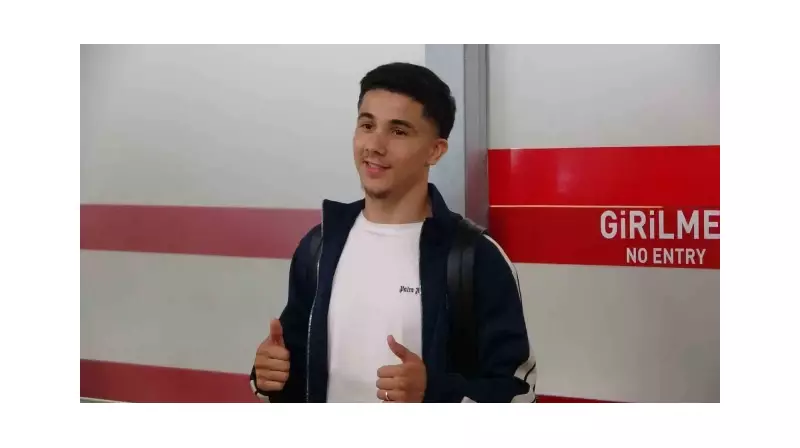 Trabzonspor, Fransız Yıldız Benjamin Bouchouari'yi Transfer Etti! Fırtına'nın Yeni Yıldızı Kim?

──────

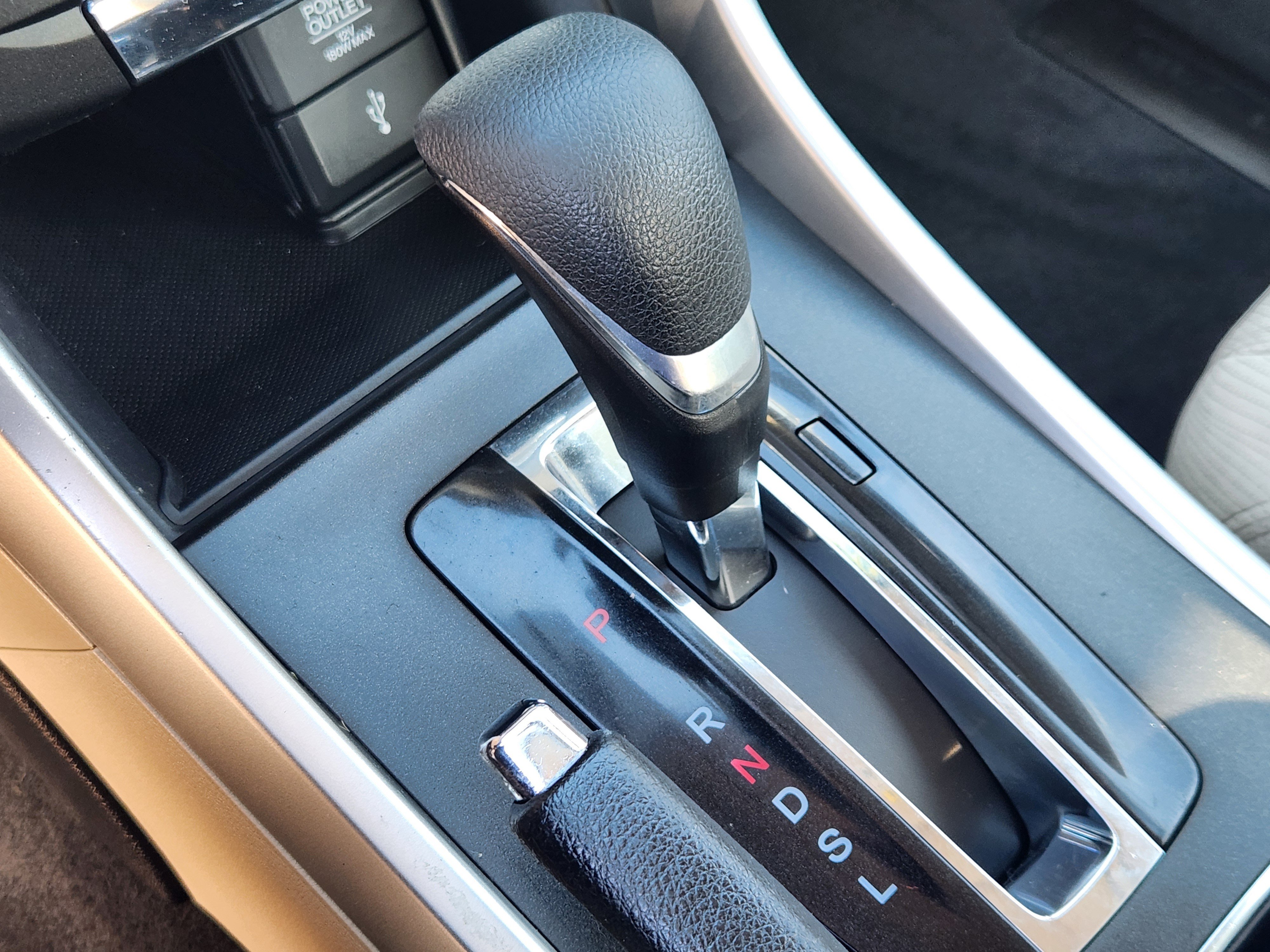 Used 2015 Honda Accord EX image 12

──────

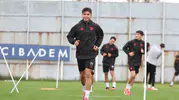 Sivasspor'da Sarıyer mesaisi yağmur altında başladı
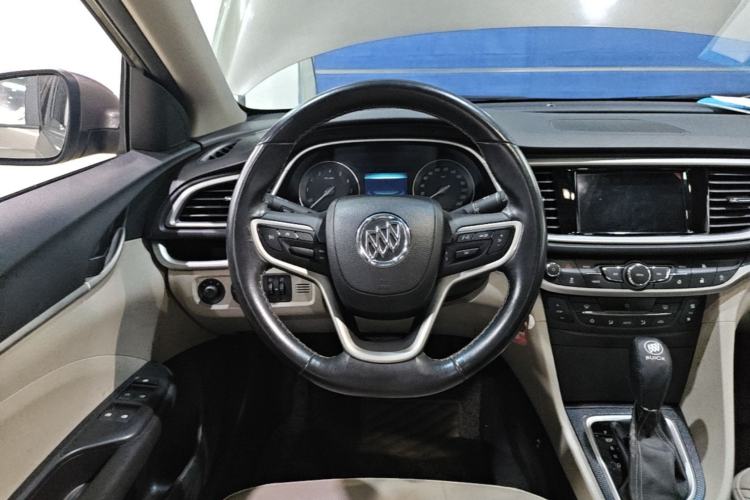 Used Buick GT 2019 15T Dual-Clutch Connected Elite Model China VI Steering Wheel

──────

■ **WHAT TO DO**
Write out word for word the lines above that run from the one with "Sivasspor'da Sarıyer mesaisi" to the one with "Used Buick GT". Include both end lines; exclude the images.

■ **OUTPUT FOR THIS TASK**
 Sivasspor'da Sarıyer mesaisi yağmur altında başladı
 Used Buick GT 2019 15T Dual-Clutch Connected Elite Model China VI Steering Wheel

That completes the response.